■ DATA TO PROCESS:
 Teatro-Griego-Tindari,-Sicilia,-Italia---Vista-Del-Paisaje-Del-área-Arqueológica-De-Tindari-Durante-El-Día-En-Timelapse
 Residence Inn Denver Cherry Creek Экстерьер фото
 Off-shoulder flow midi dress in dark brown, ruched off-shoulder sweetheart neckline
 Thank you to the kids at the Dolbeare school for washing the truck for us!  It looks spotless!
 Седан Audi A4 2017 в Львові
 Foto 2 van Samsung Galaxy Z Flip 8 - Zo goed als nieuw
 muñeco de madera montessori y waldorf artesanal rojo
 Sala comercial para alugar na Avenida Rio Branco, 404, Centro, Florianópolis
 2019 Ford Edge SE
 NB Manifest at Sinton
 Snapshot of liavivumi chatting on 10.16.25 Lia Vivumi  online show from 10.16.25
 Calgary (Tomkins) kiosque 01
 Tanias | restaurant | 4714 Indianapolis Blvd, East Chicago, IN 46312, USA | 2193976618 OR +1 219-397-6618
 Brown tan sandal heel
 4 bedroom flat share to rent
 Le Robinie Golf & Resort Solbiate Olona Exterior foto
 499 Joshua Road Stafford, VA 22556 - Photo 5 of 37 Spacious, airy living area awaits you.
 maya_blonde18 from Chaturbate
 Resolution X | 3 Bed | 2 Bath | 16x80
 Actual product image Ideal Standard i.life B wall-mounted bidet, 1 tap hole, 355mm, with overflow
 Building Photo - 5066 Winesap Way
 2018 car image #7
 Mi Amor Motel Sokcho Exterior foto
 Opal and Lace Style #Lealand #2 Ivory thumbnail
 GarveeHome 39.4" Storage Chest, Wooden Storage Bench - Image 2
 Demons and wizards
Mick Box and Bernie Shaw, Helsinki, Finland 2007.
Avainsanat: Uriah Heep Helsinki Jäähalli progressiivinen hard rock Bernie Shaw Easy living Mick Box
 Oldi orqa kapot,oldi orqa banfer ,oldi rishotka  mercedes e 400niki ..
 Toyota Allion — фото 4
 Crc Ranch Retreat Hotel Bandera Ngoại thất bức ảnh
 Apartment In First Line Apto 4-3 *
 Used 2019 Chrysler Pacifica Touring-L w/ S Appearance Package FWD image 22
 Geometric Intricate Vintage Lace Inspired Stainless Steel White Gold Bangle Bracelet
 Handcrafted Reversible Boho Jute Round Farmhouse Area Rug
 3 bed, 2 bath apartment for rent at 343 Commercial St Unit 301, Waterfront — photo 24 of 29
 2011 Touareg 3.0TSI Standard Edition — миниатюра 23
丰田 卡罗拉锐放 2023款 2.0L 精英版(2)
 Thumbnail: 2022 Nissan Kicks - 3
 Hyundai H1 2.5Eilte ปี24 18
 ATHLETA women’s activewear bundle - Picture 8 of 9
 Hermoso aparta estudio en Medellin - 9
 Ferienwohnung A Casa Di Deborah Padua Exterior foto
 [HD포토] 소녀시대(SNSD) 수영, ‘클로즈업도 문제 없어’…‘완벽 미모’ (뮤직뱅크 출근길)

■ WHAT TO PRODUCE:
Return every line of the entries above that the string "from" appears in.

■ PROBLEM SOLUTION:
 Snapshot of liavivumi chatting on 10.16.25 Lia Vivumi  online show from 10.16.25
 maya_blonde18 from Chaturbate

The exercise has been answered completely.